One of my inspirations to pursue a vegan lifestyle came from the knowledge I got from this film. However, since I watched it I was curious how I could make the kind of foods that they speak about. One of the hardest things for me to cut down on is my oil. I love extra virgin olive oil, sesame oil, coconut oil and avocado oil. Many nutritionist say we need these good oils, but that is one thing that is a big different in what these guys preach. So tonight I tried to cook for the first time without oil. Instead of oil to brown my onions I used water. I thought they would be really watery, but actually they still browned and became sweet. So really it was not a big problem. Maybe the taste would of been a bit different, but it wasn’t noticeable. Any reason to cut down my fat intake at dinner, so I can indulge for dessert sounds good to me.

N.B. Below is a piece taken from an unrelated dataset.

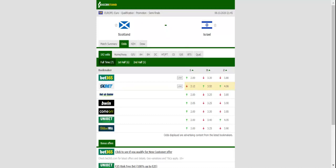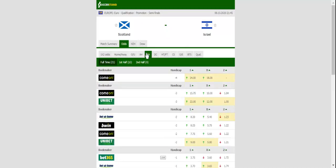Israel on the other hand head into the match following a one-to-one draw with Slovakia in the Nations League. When Scotland and Israel met in the Nations League last month, they played out a one-to-one draw.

Roasting capsicums on the stove

The millet cakes and sauce were not what I expected and look very different to the picture in the book. It was only my second time cooking with millet before. The last time I tried to make

After roasting capsicums

macrobiotic ‘mash potato’, using cauliflower instead of potato. It wasn’t bad for me, but wasn’t a hit with Marco. I think the millet cakes really need the sauce. Alone sauce is bland and the millet cakes are extreme, but together they really fit. Today was also the first time I’ve ever roasted my own capsicums on the gas stove. I know it not complicated, but cooking with fire has always freaked me out. It is also a lot quicker then roasting them for 40 mins. I think it only took me 10-15 mins to do them. It is really simple. Just place the capsicum on the flame and rotate them so all the skin becomes black, then peal the skin off once they have cooked down. My boyfriend’s Serbian mother, who has prepared many a paprika’s in her time, gave me some tips. She said its better to place the capsicums in a covered pot, so that the blacken skin will peel away easier. For the Mujadara, I used the rest of my French Lentils, even though the recipe called for green lentils. I also used some curry powder and a lot of extra salt as I found it a bit bland. I think its a great base recipe the could be improved with some more herbs and spices. I think it also needs more rice, as the recipe only called for 3/4 cup of rice. I found that there wasn’t enough rice to lentils, so next time I will add more. Mujadara is a popular recipe in the Middle East and different cultures use different ingredients to flavour it. Such as cumin, coriander or mint,  fried onions, melted butter, and served hot or cold, often with yogurt.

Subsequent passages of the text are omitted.